**Items from a data source**
____

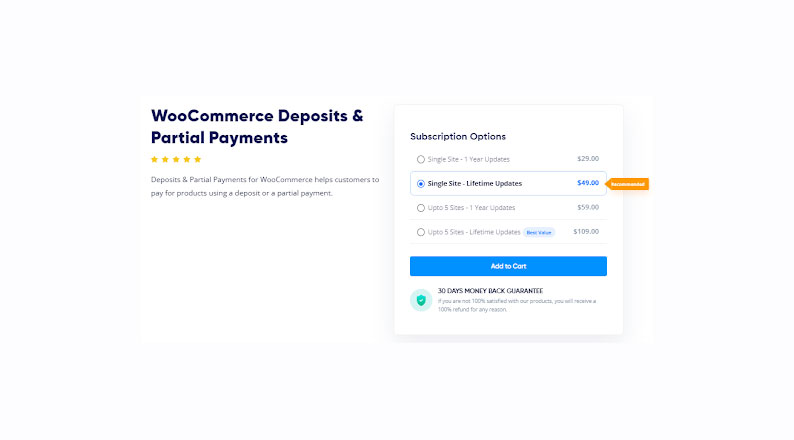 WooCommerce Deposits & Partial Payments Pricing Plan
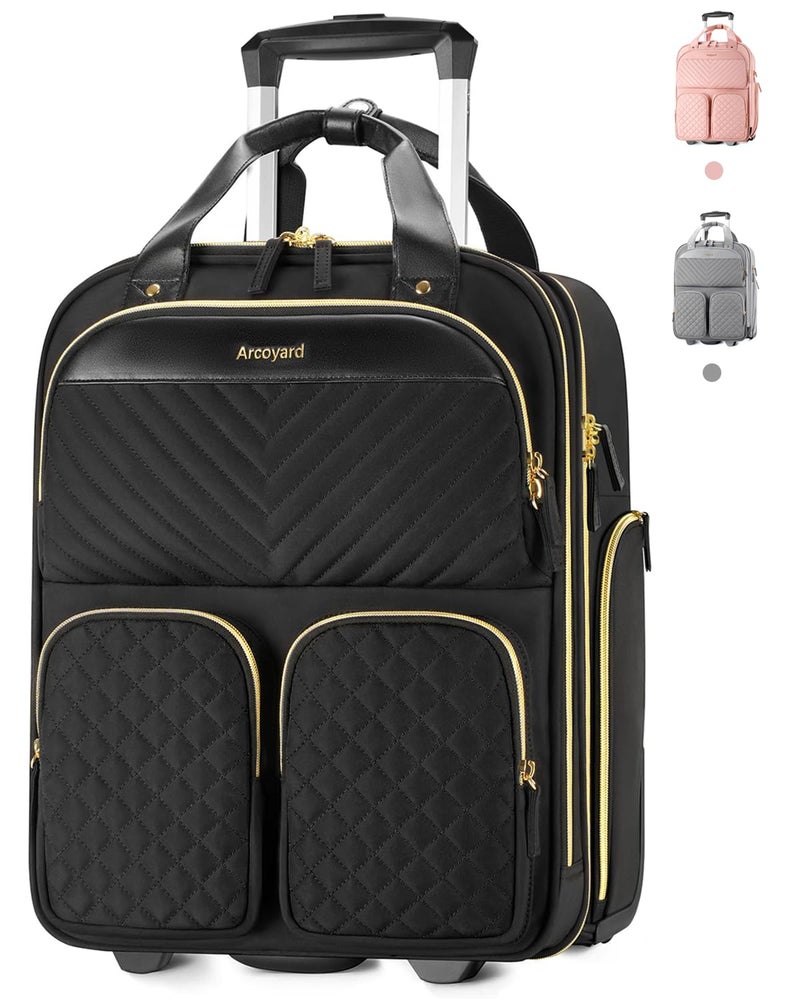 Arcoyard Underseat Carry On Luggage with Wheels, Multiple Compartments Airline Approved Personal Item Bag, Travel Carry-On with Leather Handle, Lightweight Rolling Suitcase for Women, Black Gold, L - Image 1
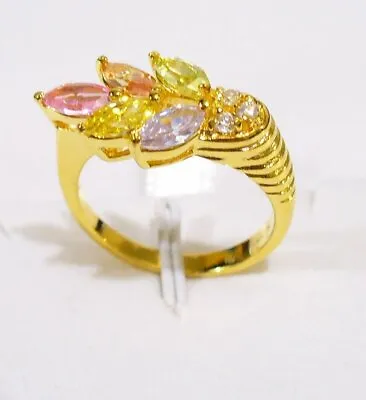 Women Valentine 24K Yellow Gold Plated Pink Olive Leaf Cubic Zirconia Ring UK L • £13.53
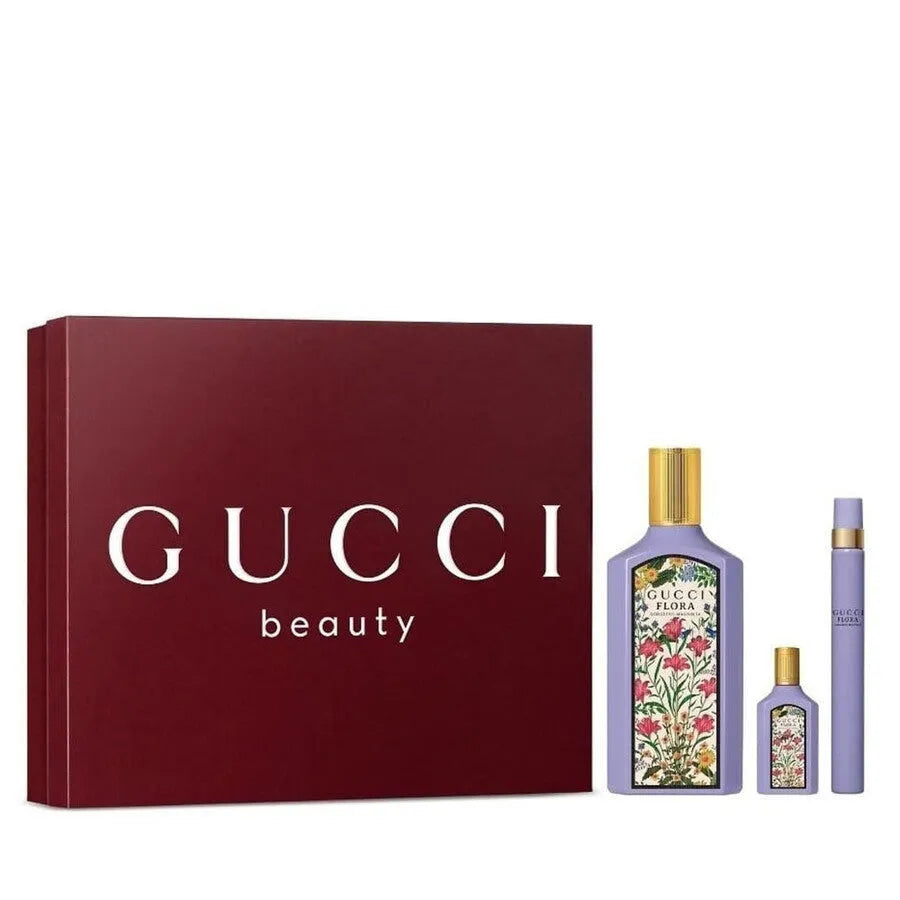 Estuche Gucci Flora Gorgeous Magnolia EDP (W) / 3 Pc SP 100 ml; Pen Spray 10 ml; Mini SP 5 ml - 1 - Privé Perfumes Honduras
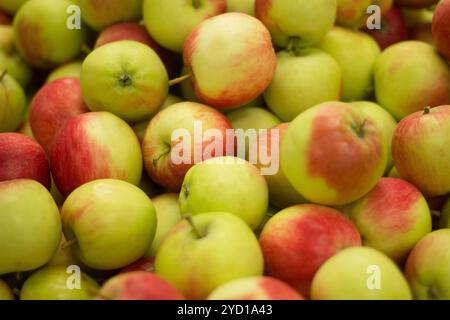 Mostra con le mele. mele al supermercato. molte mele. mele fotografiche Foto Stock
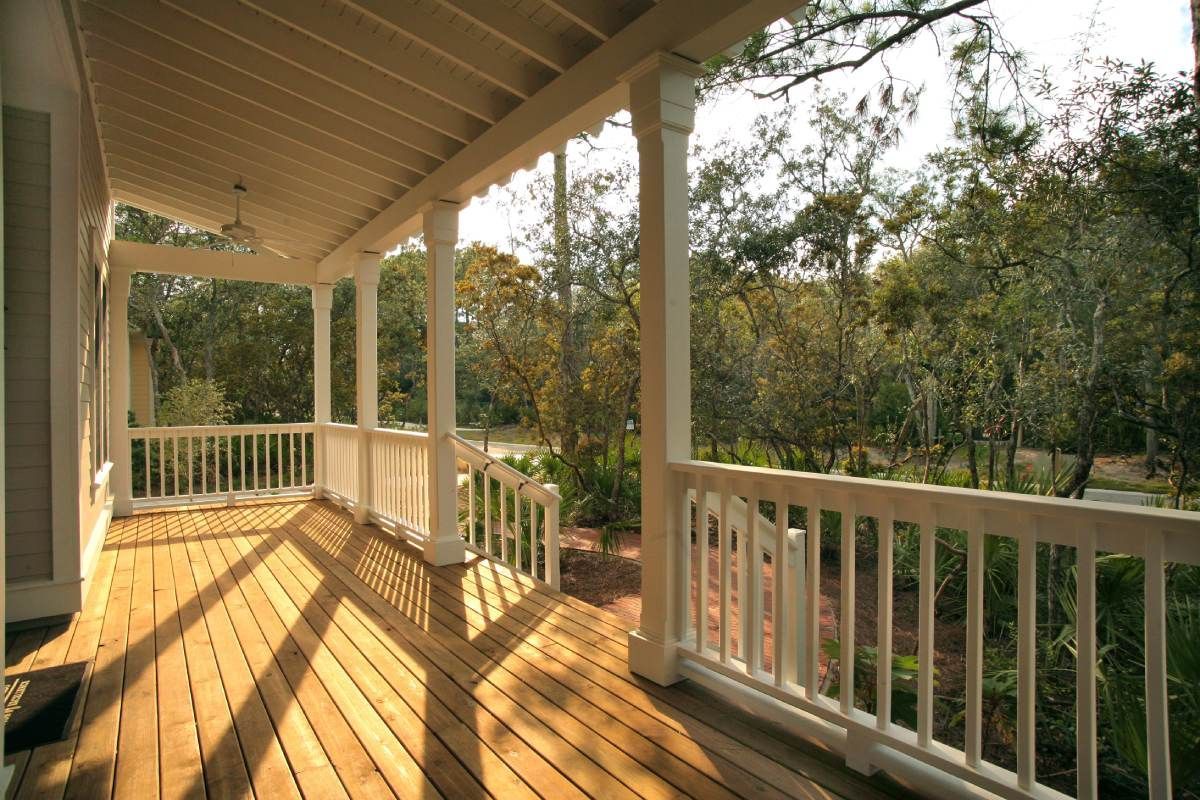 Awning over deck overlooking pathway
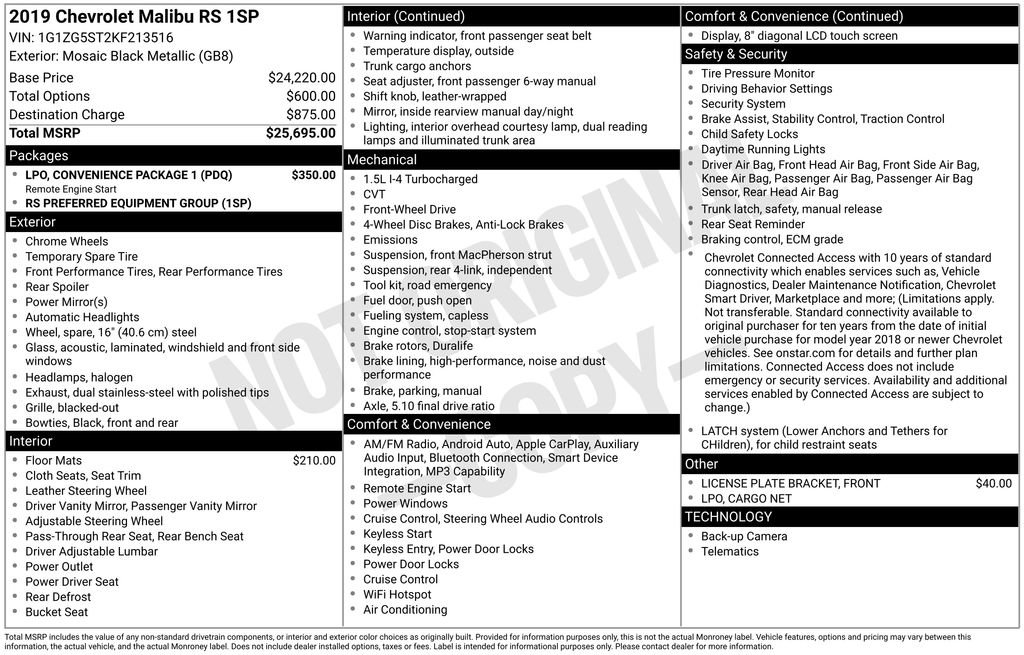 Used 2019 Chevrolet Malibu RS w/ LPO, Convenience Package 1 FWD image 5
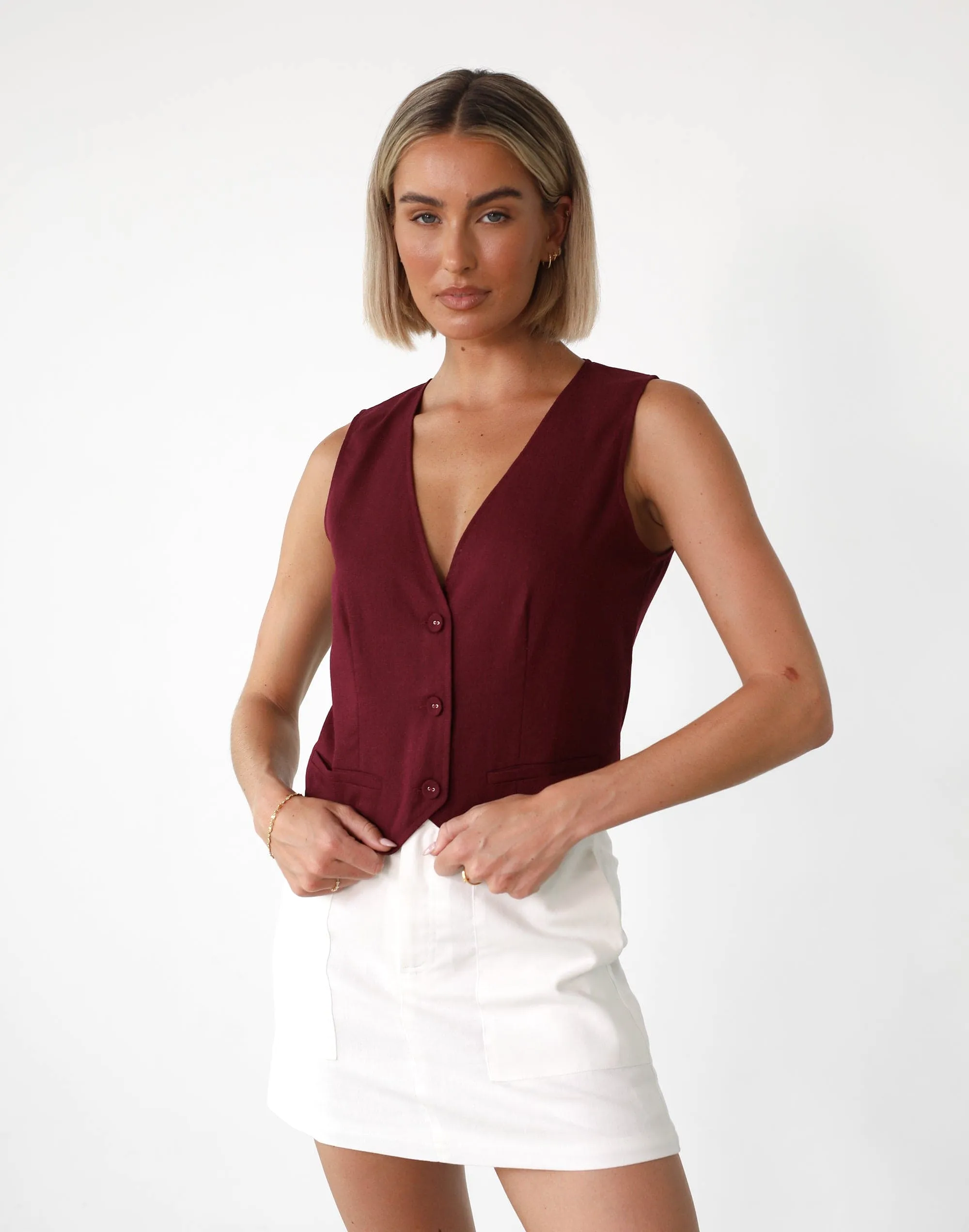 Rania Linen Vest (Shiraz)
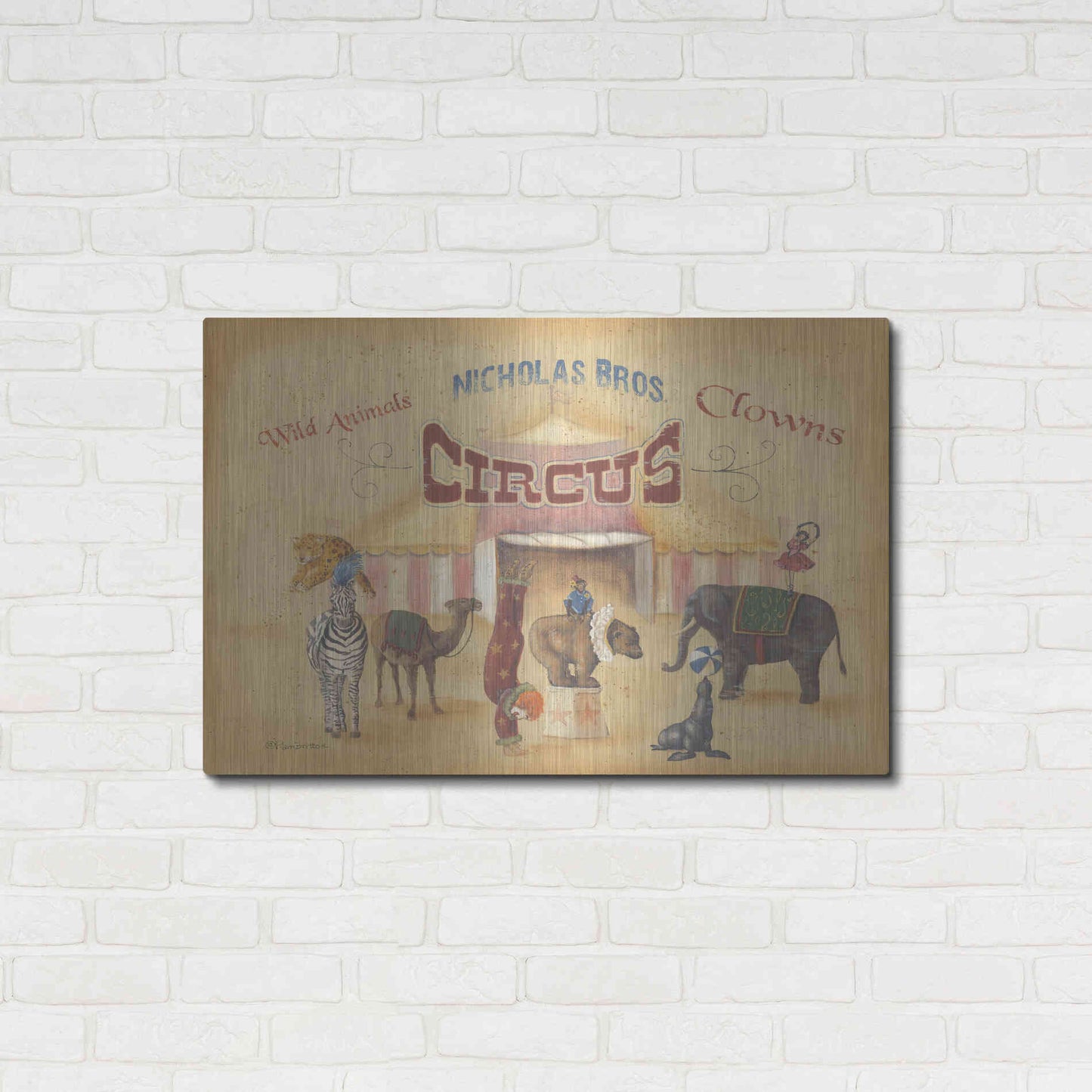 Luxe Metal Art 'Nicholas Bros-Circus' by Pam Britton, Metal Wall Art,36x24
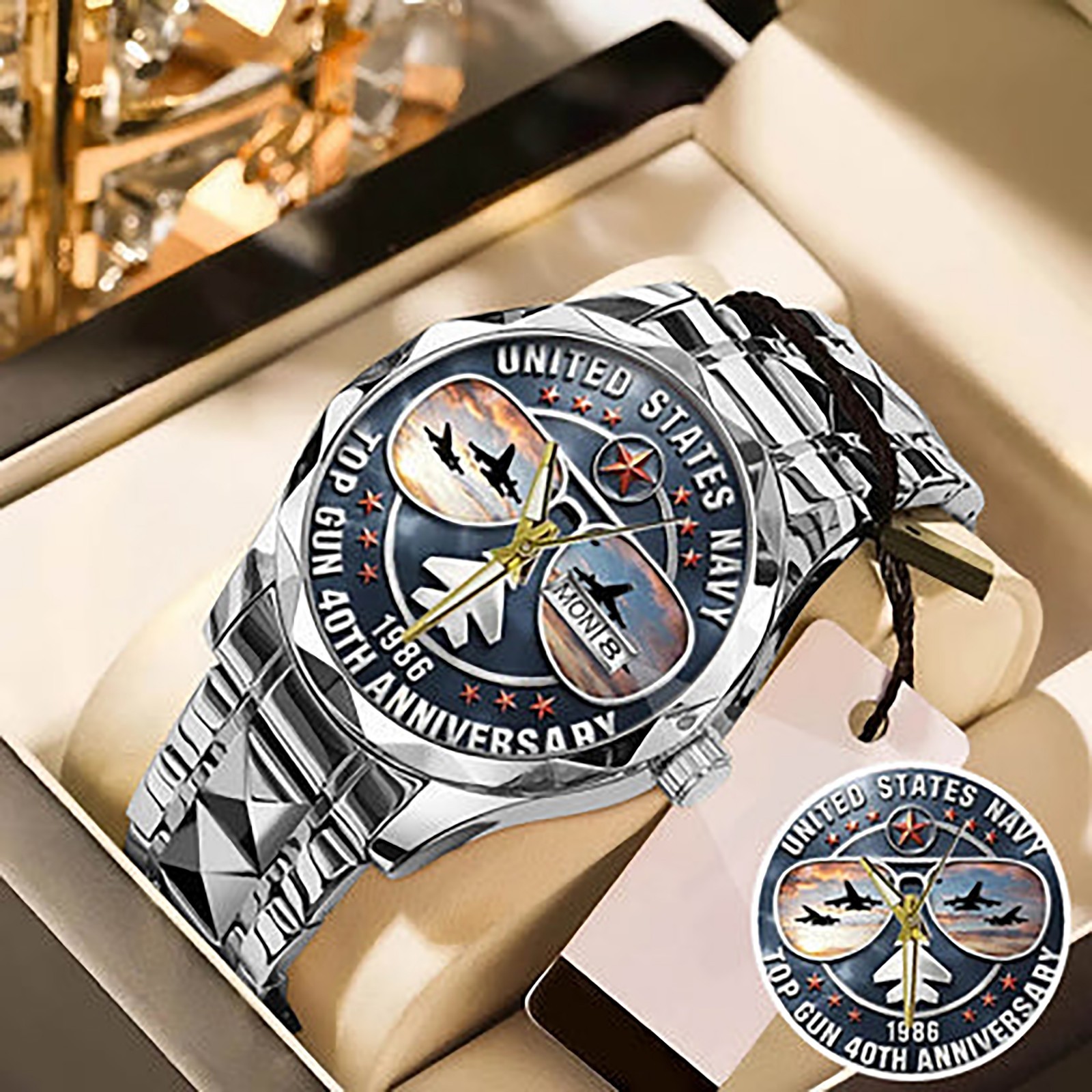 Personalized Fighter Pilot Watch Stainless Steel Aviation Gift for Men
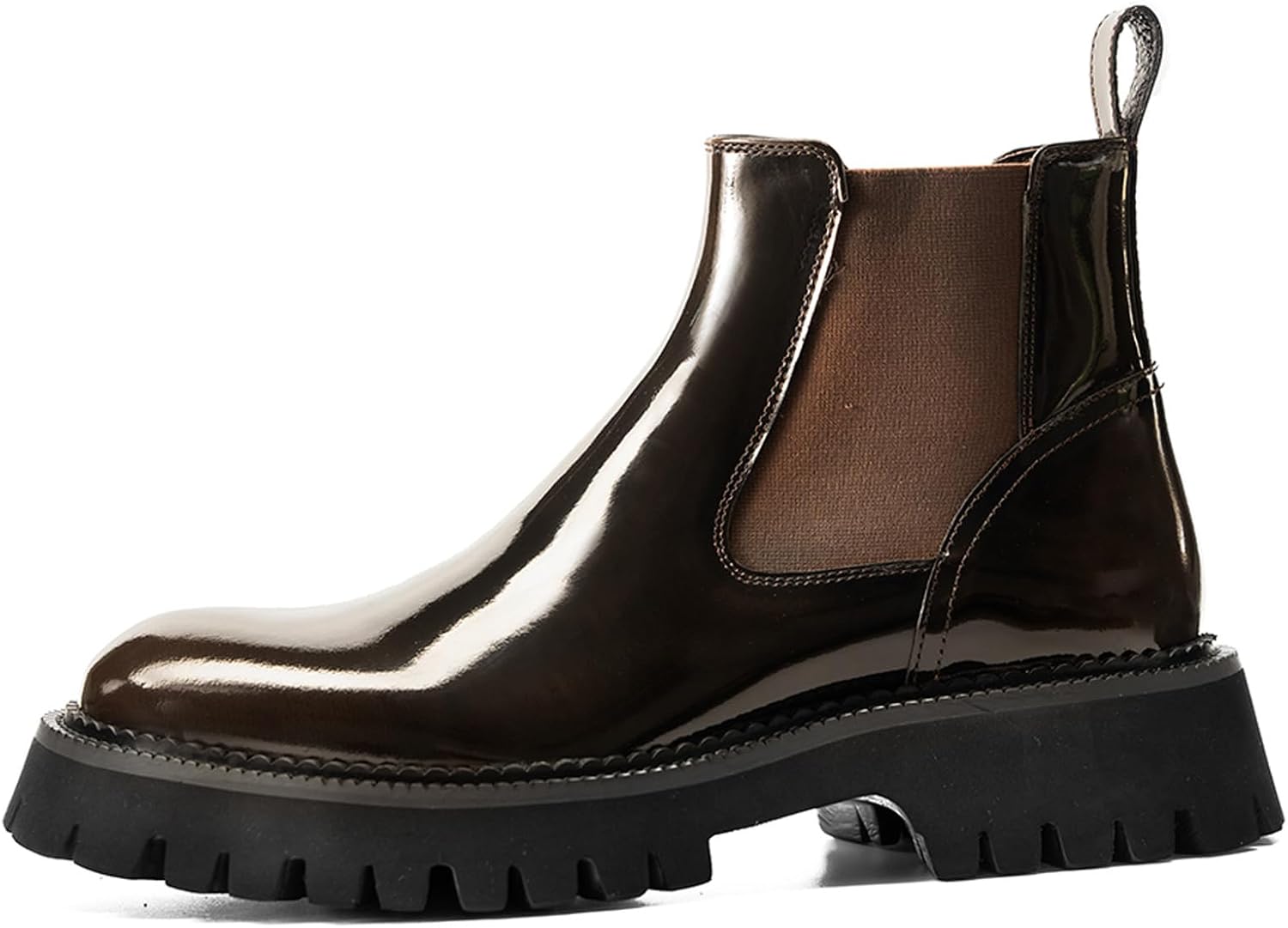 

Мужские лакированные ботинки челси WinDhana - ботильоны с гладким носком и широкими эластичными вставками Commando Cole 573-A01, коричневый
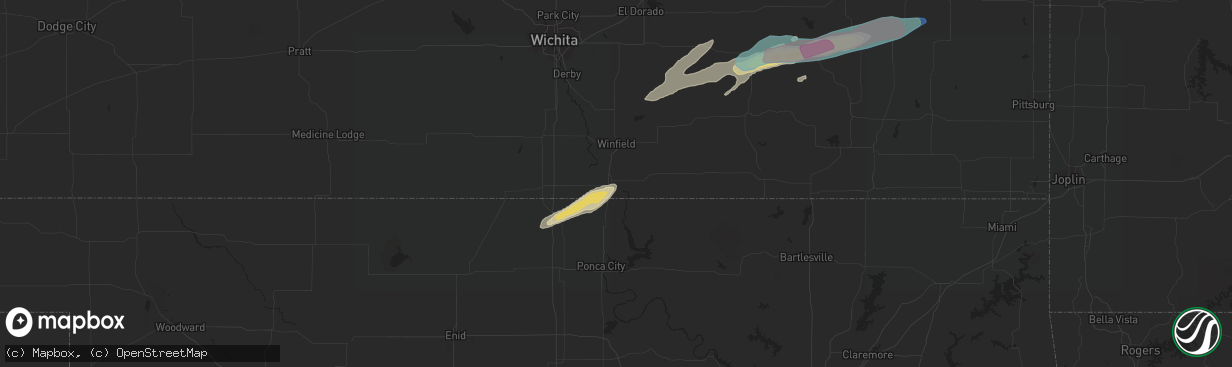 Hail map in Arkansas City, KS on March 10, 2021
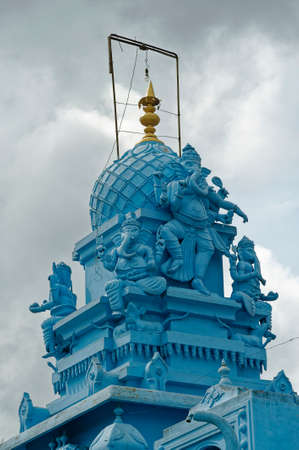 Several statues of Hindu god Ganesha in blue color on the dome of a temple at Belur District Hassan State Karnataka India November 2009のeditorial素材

____

**About this exercise**
Of the lines above, quote exactly those from the one with "Personalized Fighter Pilot" through the one with "Hail map in", ends included; pictures stay out.

**Solution for this exercise**
 Personalized Fighter Pilot Watch Stainless Steel Aviation Gift for Men

Мужские лакированные ботинки челси WinDhana - ботильоны с гладким носком и широкими эластичными вставками Commando Cole 573-A01, коричневый
 Hail map in Arkansas City, KS on March 10, 2021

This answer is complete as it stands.